India’s “son preference” that led to a highly skewed sex ratio between 2000 and 2020 is finally tapering off. Data from a new report by Pew Research shows that sex ratio at birth (number of male births per 100 female births) has come down to 108.1 from a peak of 111.2 in early 2010s.
The report, which analyses data from the National Family Health Survey (NFHS), says “This follows years of government efforts to curb sex selection–including a ban on prenatal sex tests and a massive advertising campaign urging parents to “save the girl child”–and coincides with broader social changes such as rising education and wealth.” In 2015, the Centre launched the Beti Bachao Beti Padhao (save the girl child) campaign. (See Graph 1)
So what is driving the change? Among many factors outlined in the report, the marked decline in son preference among Sikhs is a big factor. In 2001, the sex ratio at birth among Sikhs stood at a very high 130. This came down to 110 by 2019-20. Son preference in the community has come down from 30% in 1998-99 to 9% in 2019-20. Son preference is defined as the percentage of women in the 15-49 age group saying they ideally want a son. (See Graph 2)
More is at work, however.

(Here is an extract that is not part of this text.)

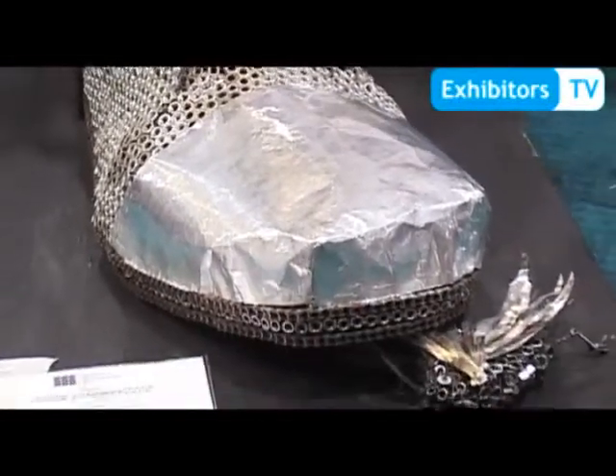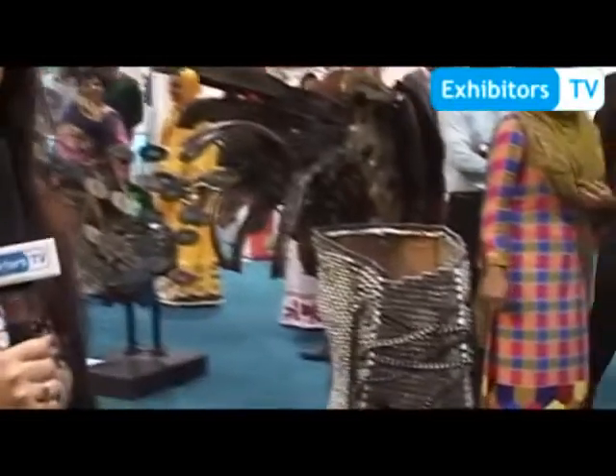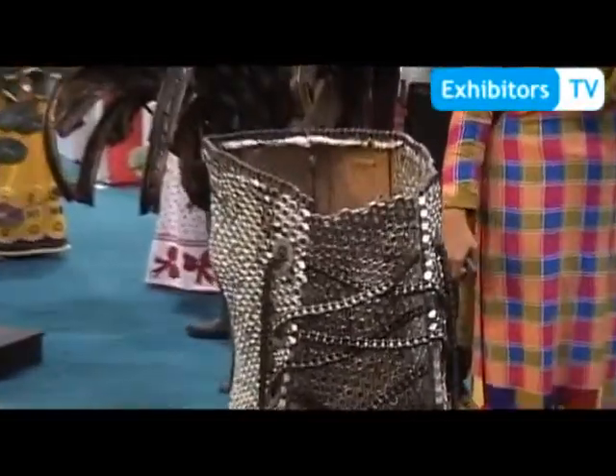This is an auto parts show — PAPS, Pakistan Auto Parts Show — and it's a competition in which we have to make the projects from scrap and all auto parts. People ask me why we use nuts; in our concept we show power, and power is among unity. That's why we use single object nuts.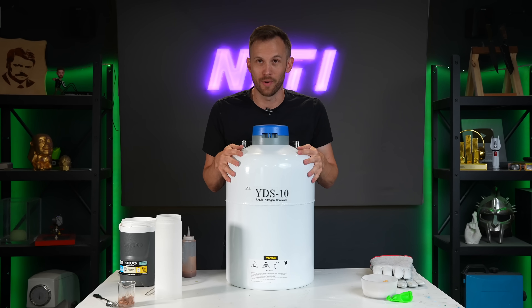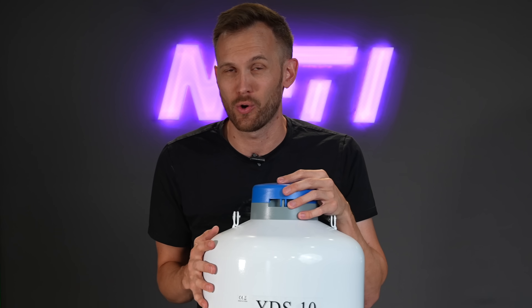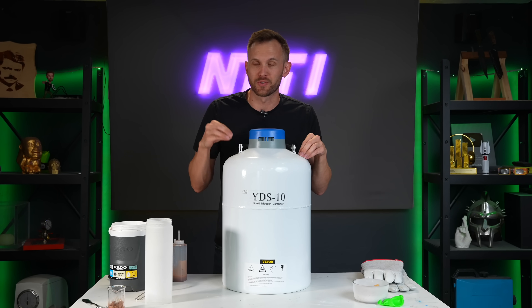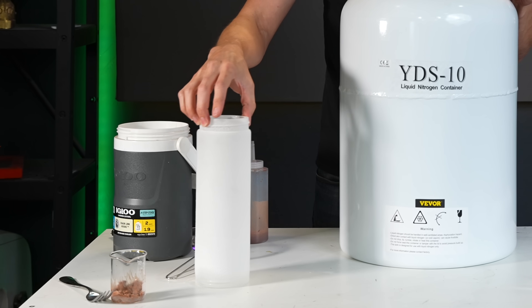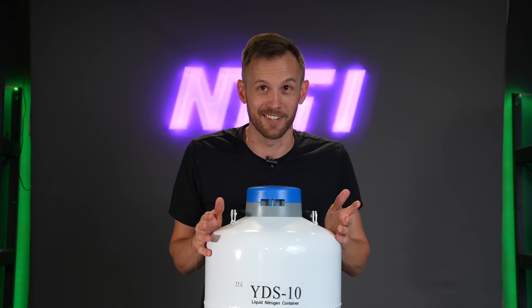So what is going on inside the liquid nitrogen dewar to make sure it stays cold? This whole container actually only holds 10 liters of liquid nitrogen, yet it's way bigger than a 10-liter container. I want to see what's really happening inside. Is it something like styrofoam walls like a cooler? Is it something more like the vacuum walls of a thermos, or maybe some combination of the two? The only way to really know is to open it up — and I don't mean just taking off the lid.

Data shows that while son preference overall has fallen from 33% in 1998-99 to 15% by 2019-20, the use of ultrasound during pregnancies has gone up from 18% in 1998-99 to 78% in 2019-20. At one time, the use of ultrasound tests was clearly linked with higher abortions and female foeticide. Ultrasound clinics—which were once thinly disguised abortion shops—are now more likely to be used for medical purposes instead. Higher education, government programmes and awareness have finally made a dent against this tendency.